• **Exercise data**:
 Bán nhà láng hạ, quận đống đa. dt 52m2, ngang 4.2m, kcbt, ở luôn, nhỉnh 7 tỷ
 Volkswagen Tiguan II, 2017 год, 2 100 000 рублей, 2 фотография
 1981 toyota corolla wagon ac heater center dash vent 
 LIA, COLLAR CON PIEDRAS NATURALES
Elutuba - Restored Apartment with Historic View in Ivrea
---
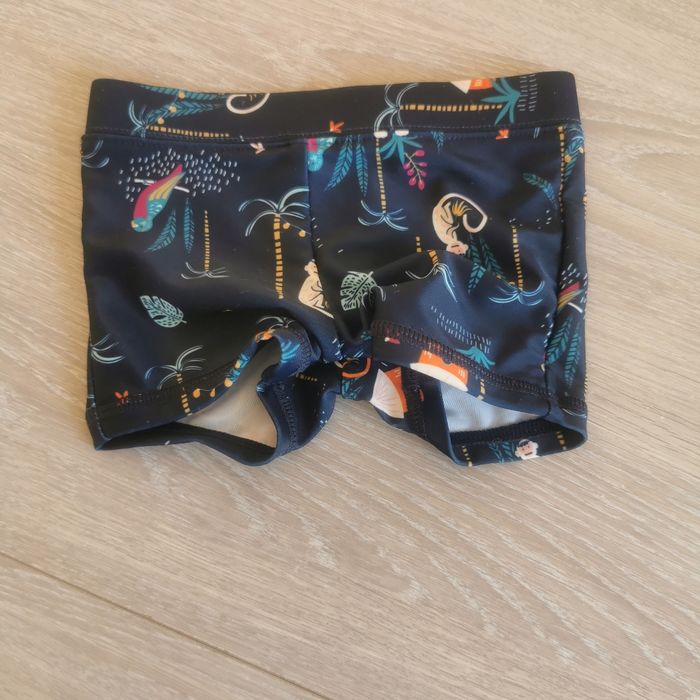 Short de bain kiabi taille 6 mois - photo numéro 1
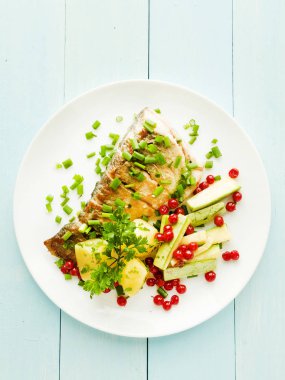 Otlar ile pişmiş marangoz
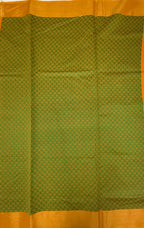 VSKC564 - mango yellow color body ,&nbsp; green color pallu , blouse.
---
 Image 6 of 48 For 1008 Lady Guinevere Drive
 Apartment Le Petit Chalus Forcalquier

• **Task requirements**: Look above for the line containing "Short de bain", then copy exactly from it through the line containing "VSKC564 - mango", keeping both and leaving out pictures. Add nothing else.

• **Response to the exercise**:
 Short de bain kiabi taille 6 mois - photo numéro 1
 Otlar ile pişmiş marangoz
 VSKC564 - mango yellow color body ,&nbsp; green color pallu , blouse.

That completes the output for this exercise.